I wandered back inside. A bad man. That didn't tell me much. All old $50s. The black book!
I scurried to my jacket and got it. Inside, each page typically had a name, usually an address, phone number and an amount, or amounts listed underneath with some crossed off. There was other stuff in the book, but mostly names, contact information and dollar amounts. I searched some of the names on the internet, but nothing significant came up except I realised all the names in the book were men.
That night there was another rainstorm. I listened until it ended then went on the balcony again. Afterward, I lay in bed spraying insecticide at the buzzing noises in the darkness, then fell peacefully asleep.
Life became normal again. I kept the money hidden and unspent, and I put the black book in an envelope and left it outside a police station one night. I stopped checking Phillip's door through my peephole every time I went out. Then the normality of life was obliterated when I met Toby and Wade.
They were waiting for me in the stairwell. From the bottom of the stairs I could feel their malignity. Something animalistic may have carried in their voices as they chit-chatted together, or maybe they just radiated something primitive. People don't loiter in the stairwell of my building, and these guys didn't belong there.
'Get to your door' I told myself. 'Get on the other side of it'. I also told myself that there was no reason to be afraid.
They were suddenly silent when I came into view and I could feel them watching me openly. They didn't speak until I'd unlocked my door and then they were right next to me.
"Hey there busty, you're gonna help us."
Fear coursed through me. As I got manhandled through my own hallway, I hear the familiar closing door behind me. I panicked. They were violating the place where I lived. It felt awful, sickening. They still had the power to do worse. I was thrown into a sitting position on the edge of my bed. They stood in front of me. I was afraid to look up. They stayed silent until I did.
"Did you take the book?" one of them snapped. "You were at the crash."
"Cops are asking questions," the other one said.
"I don't know," I said.
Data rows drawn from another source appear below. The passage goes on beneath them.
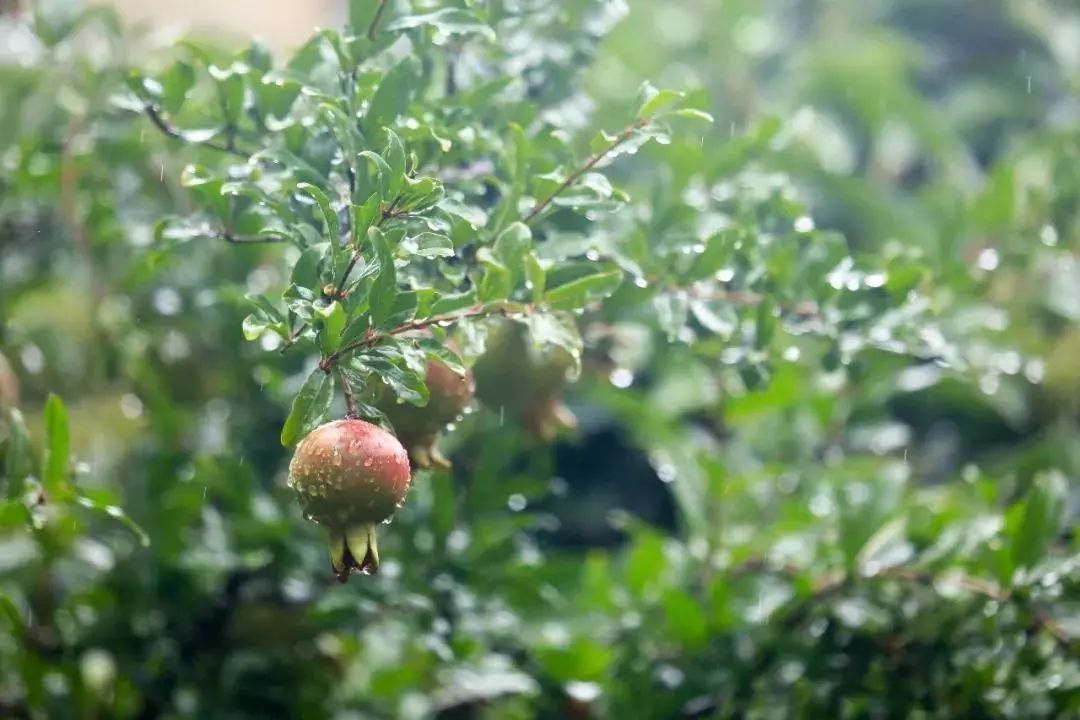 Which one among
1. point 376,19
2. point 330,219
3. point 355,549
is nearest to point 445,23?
point 376,19

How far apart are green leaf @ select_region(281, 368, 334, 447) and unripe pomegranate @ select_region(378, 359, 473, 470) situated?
0.05 metres

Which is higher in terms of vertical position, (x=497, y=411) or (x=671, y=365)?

It sounded stupid - out of context.
I got backhanded. My cheek stung and I hit the bed before I knew I was falling. I was so terrified I was going to lie there and let them do whatever they were going to do. Then my eyes came into focus and there was a can of insecticide spray. It was under the edge of a pillow. At first it seemed useless. These guys weren't cockroaches. Then it came to me - the eyes, aim for the eyes.
I knew what my fear wanted me to do, but I had to make myself fight. I started hyperventilating, but got it under control. The guys were talking to each other, but I couldn't make out the words. The insect spray filled my vision.
The rest is a blur until I was downstairs pounding on Phillip's door, but I remember me spraying and them screaming. Phillip was home, and quickly took over. Then more police came. And more reporters, but the police shooed them away for me.
I was a hero again, but this time it felt true.
That month, I paid my rent in cash out of the bundle, and it didn't bother me in the slightest.